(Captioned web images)
---

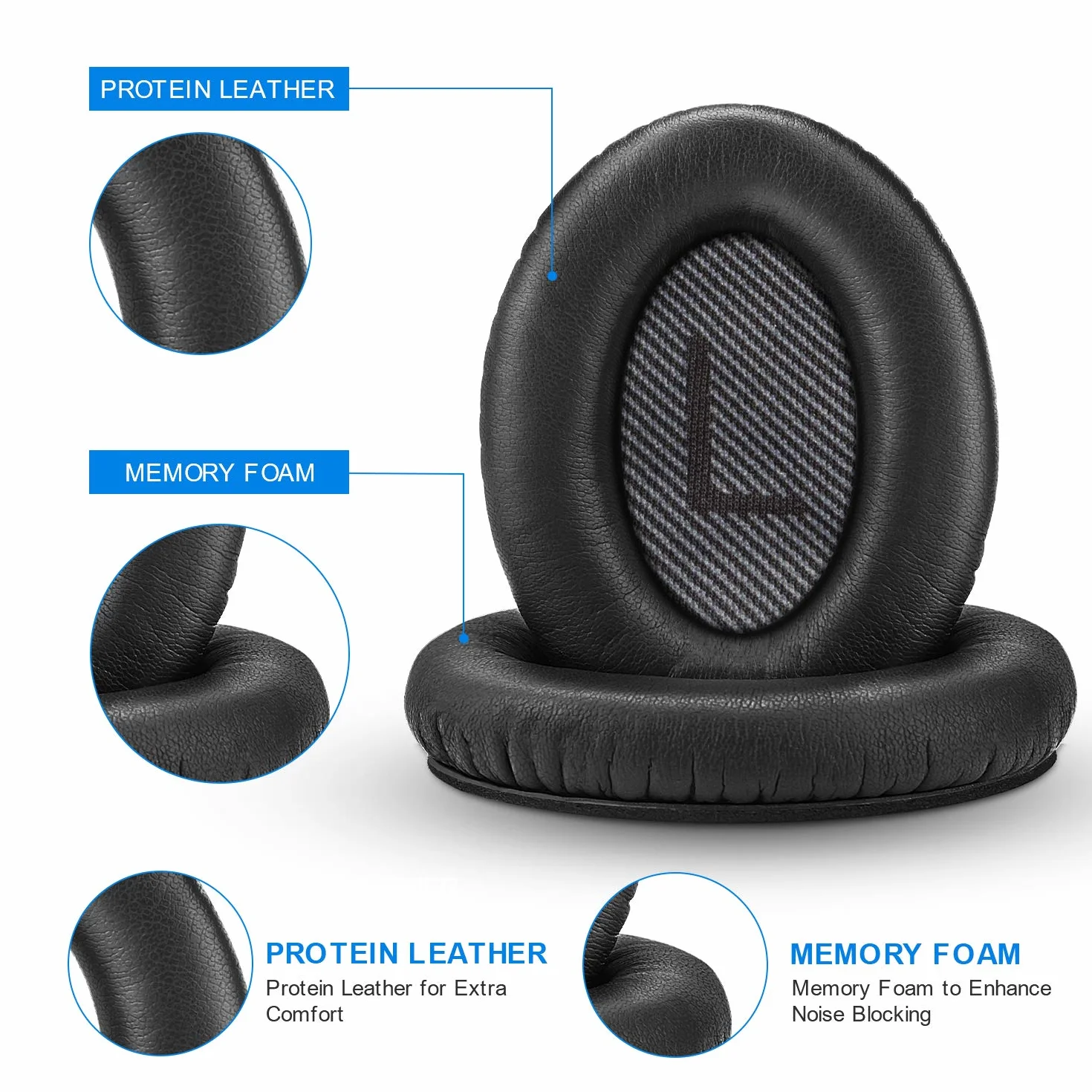 Coussinets pour Bose QuietComfort QC35 QC35 II - Oreillettes de Remplacement Noir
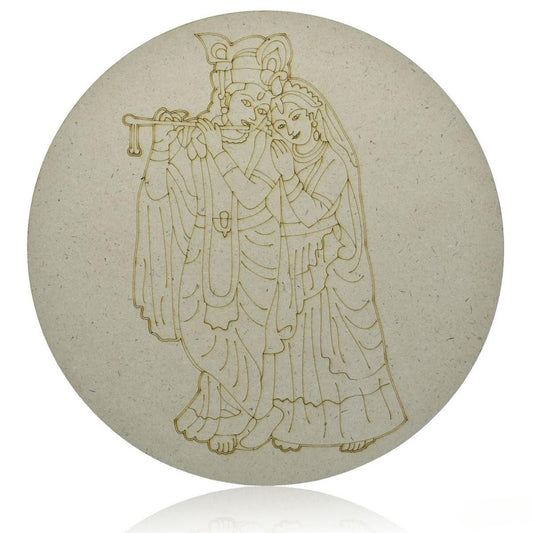 Pre-Marked MDF Radha Krishna Cutout With Easel Brush Watercolors | 10 Inch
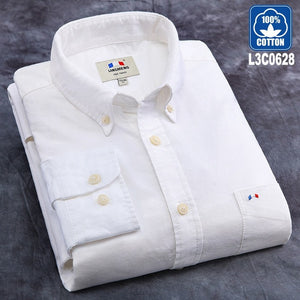 Langmeng 2017 brand 100% cotton solid striped shirt men spring casual shirts oxford dress shirt camisa masculina white black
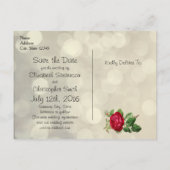 レッドローズオンゴールデン《写真》ぼけ味結婚式の日付を保存 案内ポストカード (裏面)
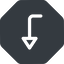 Left, normal, solid, octagon, sign, confirm, horizontal, mirror, arrow, key, submit, send, return, enter, return-sign icon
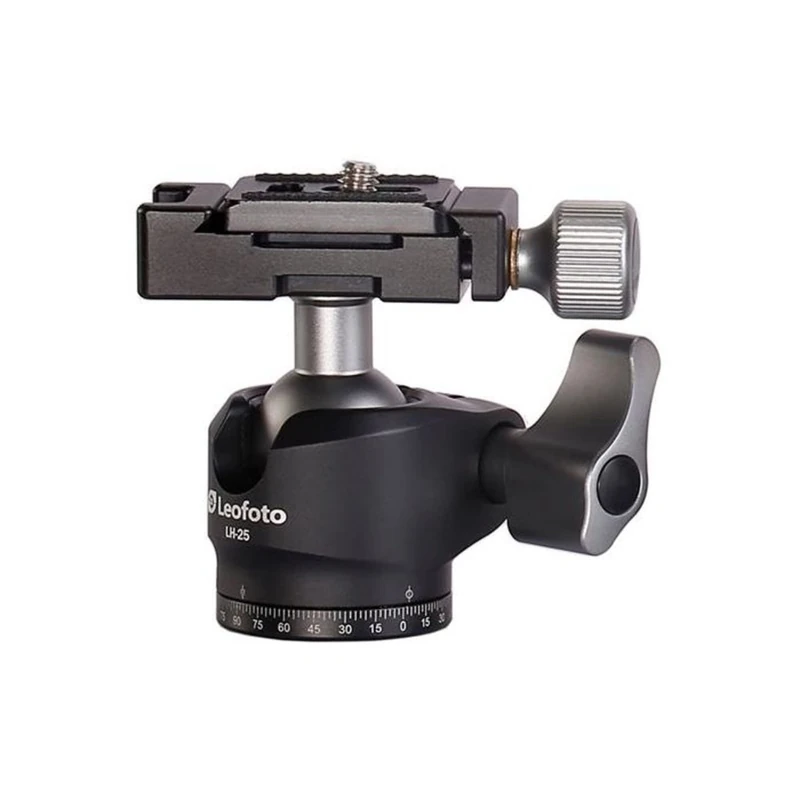 Leofoto - LH-25 Tripod Head with PU-25 Quick Release Plate - Ultra Light and Small - Load Capacity: 6 kg - LH-25+PU-25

---

Work to be completed | Once the pictures are removed, repeat all of the data above exactly.

Your response |
 Coussinets pour Bose QuietComfort QC35 QC35 II - Oreillettes de Remplacement Noir
 Pre-Marked MDF Radha Krishna Cutout With Easel Brush Watercolors | 10 Inch
 Langmeng 2017 brand 100% cotton solid striped shirt men spring casual shirts oxford dress shirt camisa masculina white black
 レッドローズオンゴールデン《写真》ぼけ味結婚式の日付を保存 案内ポストカード (裏面)
 Left, normal, solid, octagon, sign, confirm, horizontal, mirror, arrow, key, submit, send, return, enter, return-sign icon
 Leofoto - LH-25 Tripod Head with PU-25 Quick Release Plate - Ultra Light and Small - Load Capacity: 6 kg - LH-25+PU-25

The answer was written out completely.